Monday, September 21, 2009

Prepare: What to do when unexpected guests arrive?

OK, so the world is coming to an end. Pick your poison. Plague, nuclear war, earth shift, civil disorder, etc.

You and yours have holed up in the country. Or in your cleverly disguised suburban home. Or maybe in the city, in an old warehouse or brownstone camouflaged to look dilapidated and uninviting.

Well, not inviting enough. The best friend, ex-brother in law, guy at work with family, or whoever, has shown up at the door. They may have a truck full of food or in a nearly empty car or on foot with only the clothes on their back. So what do you do?

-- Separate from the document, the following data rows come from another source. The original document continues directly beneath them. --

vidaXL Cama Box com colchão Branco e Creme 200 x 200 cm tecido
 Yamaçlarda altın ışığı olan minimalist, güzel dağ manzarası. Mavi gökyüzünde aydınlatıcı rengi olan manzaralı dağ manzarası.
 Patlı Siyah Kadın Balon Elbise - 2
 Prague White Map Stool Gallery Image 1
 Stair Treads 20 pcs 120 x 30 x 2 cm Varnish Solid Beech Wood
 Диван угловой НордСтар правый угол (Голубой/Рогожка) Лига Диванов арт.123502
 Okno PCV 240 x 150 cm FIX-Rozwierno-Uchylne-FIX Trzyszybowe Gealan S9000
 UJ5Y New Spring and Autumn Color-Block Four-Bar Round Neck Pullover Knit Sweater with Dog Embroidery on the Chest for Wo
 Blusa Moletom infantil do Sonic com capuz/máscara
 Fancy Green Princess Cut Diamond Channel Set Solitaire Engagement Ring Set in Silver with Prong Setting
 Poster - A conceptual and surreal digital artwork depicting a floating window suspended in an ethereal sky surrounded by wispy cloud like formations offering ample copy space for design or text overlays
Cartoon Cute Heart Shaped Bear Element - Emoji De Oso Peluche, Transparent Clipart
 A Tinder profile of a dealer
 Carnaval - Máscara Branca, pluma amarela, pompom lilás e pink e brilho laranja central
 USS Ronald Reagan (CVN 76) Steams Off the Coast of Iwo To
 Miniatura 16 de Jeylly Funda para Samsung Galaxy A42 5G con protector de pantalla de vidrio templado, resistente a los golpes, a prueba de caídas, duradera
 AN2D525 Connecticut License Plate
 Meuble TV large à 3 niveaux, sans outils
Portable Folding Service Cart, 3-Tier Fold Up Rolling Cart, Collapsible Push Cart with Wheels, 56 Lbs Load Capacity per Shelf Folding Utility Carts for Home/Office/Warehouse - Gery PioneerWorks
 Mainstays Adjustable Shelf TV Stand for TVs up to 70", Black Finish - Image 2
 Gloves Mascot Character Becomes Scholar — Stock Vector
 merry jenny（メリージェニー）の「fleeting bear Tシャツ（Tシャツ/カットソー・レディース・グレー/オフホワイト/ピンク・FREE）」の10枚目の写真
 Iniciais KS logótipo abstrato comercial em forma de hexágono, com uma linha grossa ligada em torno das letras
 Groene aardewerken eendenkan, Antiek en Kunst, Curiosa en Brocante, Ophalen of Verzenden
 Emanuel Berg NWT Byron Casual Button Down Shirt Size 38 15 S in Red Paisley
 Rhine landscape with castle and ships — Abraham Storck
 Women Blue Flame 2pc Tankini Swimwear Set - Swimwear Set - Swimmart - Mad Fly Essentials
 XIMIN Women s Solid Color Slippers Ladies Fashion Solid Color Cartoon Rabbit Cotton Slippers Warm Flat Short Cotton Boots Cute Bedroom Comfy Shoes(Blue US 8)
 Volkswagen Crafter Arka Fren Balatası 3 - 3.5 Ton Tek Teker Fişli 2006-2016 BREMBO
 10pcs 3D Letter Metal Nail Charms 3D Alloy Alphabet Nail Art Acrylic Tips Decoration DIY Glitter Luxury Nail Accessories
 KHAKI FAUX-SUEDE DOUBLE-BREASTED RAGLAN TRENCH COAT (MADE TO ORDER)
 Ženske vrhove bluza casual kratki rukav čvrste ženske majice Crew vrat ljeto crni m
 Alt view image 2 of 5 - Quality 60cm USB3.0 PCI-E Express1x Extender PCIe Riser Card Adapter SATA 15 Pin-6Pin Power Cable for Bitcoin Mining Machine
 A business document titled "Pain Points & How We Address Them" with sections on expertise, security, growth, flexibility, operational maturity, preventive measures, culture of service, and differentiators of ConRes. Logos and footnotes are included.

First, the gig is up. Maybe you bragged about your lair, supplies and plans too many times at the dinner table, reunion or around the water cooler. Too many preppers do. After all, this is what we do 24/7 and when the other folks talk about their latest vacation or golf outing, we feel kind of stupid with nothing to say. So you let slip that "Well, this weekend, we added another 400 square feet to the garden and I picked up a new Remington at the gun show".

They know and here you are with unplanned visitors at the door.

Some of you will write in the forums, "I will have gun in hand and let them know there is no room and to go back to looking. I might give them some food or water, especially if they have kids, but that's it".

Sounds great. Unless it's your wife's family of course. You'll also have to watch your back all the time when that disgruntled friend comes back to take what he wants.

So what to do?

First, really look at your situation and theirs. Do the newcomers pose a threat to you and your family and the others at your place? Are they dangerous, mental or sick? Is there an immediate threat which could compromise your security right now?

Second, if the new arrivals do not constitute a threat, could you take them in? Be honest. Maybe you have a 3 month supply of packaged and canned food and a one year supply of long term storage food and you have enough for 8 people. The newcomers represent 4 more mouths. If they are empty handed, will their contribution be enough to reduce your food stocks by one third?

Next, where does your reluctance lie? Is it because the newcomer did not prepare like you did, laughed at your efforts and now you have the upper hand? Or are they a real threat to the security and well being of your existing group? This is a big one so be honest. Are you thinking about the greater good or revenge?

Here are some positive points about newcomers and the unexpected guest:

Another set of hands, ears and eyes. In a survival situation, numbers rule. If there are four adults, two are always on duty for security. The other two are resting and working if possible. Adding just two more adults increases the labor pool by one third and means that two more can be working while two patrol/watch and two rest.

More people brings more skills. Maybe "Bob" has never handled a gun, but what if Bob is a decent mechanic, doctor or gardener? Suddenly, your skill set just went up a notch. Further, you may have overlooked a skill you never imagined. Now you have an answer.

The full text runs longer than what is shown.